As soon as flow begins, even though it may appear that the water flow is shorter in one direction, increased speed in that leg causes increased friction, so the water comes from the other direction.

It does get a bit more complicated when telescoping pipe sizes up or down, but the idea is basically the same.


----------



## Donl (Aug 29, 2008)

penfrydd said:
			
		

> I teach irrigation, which includes friction loss in pipes.  When figuring normal friction losses, you take the loss per foot of pipe for the amount of flow in gpm times the number of feet of that size pipe.
> 
> For loops, you utilize the same friction loss tables, but you use 1/2 the length of the pipe and 1/2 the total gpm.  I know it doesn't sound totally logical, but it certainly works.
> 
> ...





Thanks for your response, but I did not understand your explanation. Maybe I didn't phrase my question well enough. I will try again with an example.

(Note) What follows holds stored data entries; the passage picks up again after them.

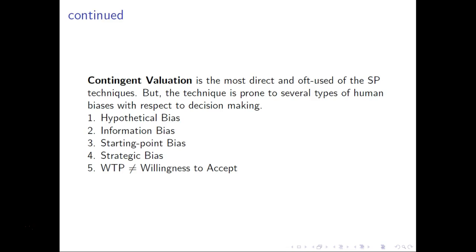Another form of bias is starting point bias. When we think about environmental problems, there's a certain static nature to it — we're freezing time and talking about problems right now. But we all have different perceptions of what that means. Some people feel there's not enough environmental policy; others feel differently. Depending on what questions are asked, individuals come from different starting points — some believe an amenity is already over-protected, others believe it's under-protected — and this biases their answers accordingly.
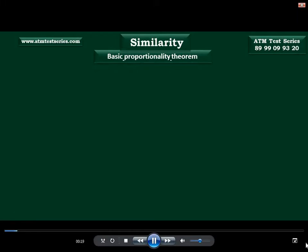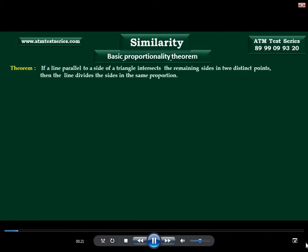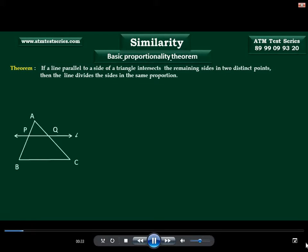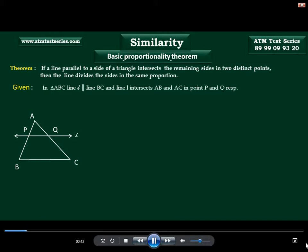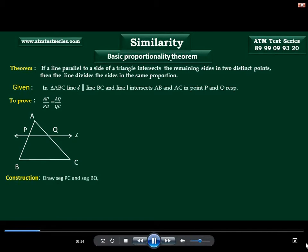Statement of this theorem is: if a line parallel to a side of a triangle intersects the remaining sides into distinct points, then the line divides these sides in the same proportion. From this figure, we write given as: in triangle ABC, line L is parallel to seg BC, and line L intersects side AB and AC in points P and Q respectively. For construction, draw seg PC and seg BQ.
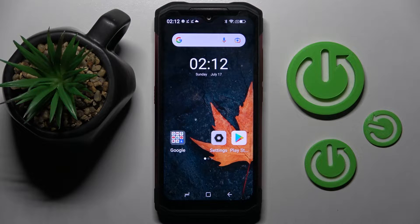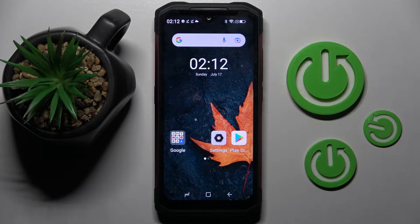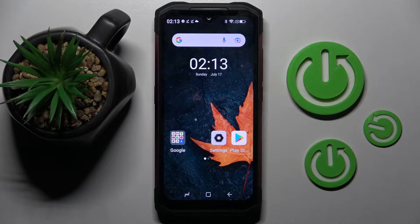Hi! In front of me is Doji S98 and today I would like to show you how you can operate AppCloner on this device.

In my radiant floor I have 3 loops of 1/2" pex=al-pex each 250 feet long. I want to connect each 250 foot loop to a manifold so that the three loops are in parallel.

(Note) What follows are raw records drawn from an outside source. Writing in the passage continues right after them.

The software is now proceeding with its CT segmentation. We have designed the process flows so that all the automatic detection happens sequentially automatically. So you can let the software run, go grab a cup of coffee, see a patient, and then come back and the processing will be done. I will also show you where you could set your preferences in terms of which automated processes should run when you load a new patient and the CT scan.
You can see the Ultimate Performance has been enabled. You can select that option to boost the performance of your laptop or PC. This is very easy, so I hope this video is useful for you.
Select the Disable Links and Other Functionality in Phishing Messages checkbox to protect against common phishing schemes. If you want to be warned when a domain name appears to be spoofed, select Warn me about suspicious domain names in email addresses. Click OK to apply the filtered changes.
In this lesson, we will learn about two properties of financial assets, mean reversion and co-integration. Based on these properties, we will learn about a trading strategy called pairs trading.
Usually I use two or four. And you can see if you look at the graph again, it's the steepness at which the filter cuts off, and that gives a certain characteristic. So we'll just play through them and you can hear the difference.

I have calculated that the head loss off each 250 foot loop at 2 gpm is 33 feet of HL. I need to know what the total HL is when the loops are in parallel so I can select the appropriate pump. I know that placing pipes in parallel will reduce the amount of HL, I just don't know by how much. I have a feeling it is very much like putting resisters in parallel in an electronic circuit. Is there a formula?

Don


----------



## kabbott (Aug 29, 2008)

If the flow through each loop remains at 2gpm for a total of 6gpm then the head would stay the same I would think.
If the total flow is 2gpm divided between the three loops then re figure head at .66gpm.(2gpm /3 loops = .66)


----------



## Donl (Aug 30, 2008)

kabbott said:
			
		

> If the flow through each loop remains at 2gpm for a total of 6gpm then the head would stay the same I would think.
> If the total flow is 2gpm divided between the three loops then re figure head at .66gpm.(2gpm /3 loops = .66)

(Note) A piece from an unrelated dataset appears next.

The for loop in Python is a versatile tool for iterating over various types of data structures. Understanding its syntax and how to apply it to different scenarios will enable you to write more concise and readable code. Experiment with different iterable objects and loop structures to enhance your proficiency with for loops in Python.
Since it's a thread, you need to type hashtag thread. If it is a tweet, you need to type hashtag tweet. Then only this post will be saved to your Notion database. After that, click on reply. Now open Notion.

I did a head loss calculation for a single pipe having approx the same area as the three 1/2" pipes in parallel @ 6gpm and the result  was 19 feet of head instead of 33 for the 3 in parallel. Unless I am missing something here I don't think your assumptions are correct here.


----------



## kabbott (Aug 30, 2008)

There is more friction loss in three smaller pipes than one larger pipe of the same area.


----------



## BrownianHeatingTech (Aug 30, 2008)

Parallel loops allow you to reduce the flow rate, which in turn reduces the head, but once you figure the flow through each loop, the head loss for the system will be equal to the head loss of the highest-head loop.

Joe


----------



## BrownianHeatingTech (Aug 30, 2008)

kabbott said:
			
		

> There is more friction loss in three smaller pipes than one larger pipe of the same area.



Yup.  Friction occurs based upon the interior surface area of the pipe.  A single large pipe has less surface area compared to its cross-sectional area than a group of small pipes of similar total cross-sectional area.

Joe


----------



## Donl (Aug 30, 2008)

Thanks all for your explanations. I had a hard time grasping this concept, but I do now understand.  I have also come to the conclusion rightly or wrongly that when choosing the appropriate pump for a given system most just try and use a taco 007 or grundfos 15-58  even though the graphs would suggest a different pump. With the example I gave .66 gpm through each loop would give a HL of 4.7  From the Taco graphs either a Taco 003 or Taco 006 should be selected. Most similar installations I have seen just use a Taco 007. 

Don


----------



## BrownianHeatingTech (Aug 30, 2008)

Don L said:
			
		

> Thanks all for your explanations. I had a hard time grasping this concept, but I do now understand.  I have also come to the conclusion rightly or wrongly that when choosing the appropriate pump for a given system most just try and use a taco 007 or grundfos 15-58  even though the graphs would suggest a different pump. With the example I gave .66 gpm through each loop would give a HL of 4.7  From the Taco graphs either a Taco 003 or Taco 006 should be selected. Most similar installations I have seen just use a Taco 007.



Using the correct pump will save energy, and also extend pump life.  Running a too-large pump can wear the pump out, as well as reducing the performance of the system, in some cases.

Joe


----------



## in hot water (Aug 30, 2008)

Select a circ that operates in the middle third of it's curve for best results and efficiency.  That's the beauty of 3 speed circs available today, you can dial them in, run them at the sweet spot and use the least amount of energy.

 hr


----------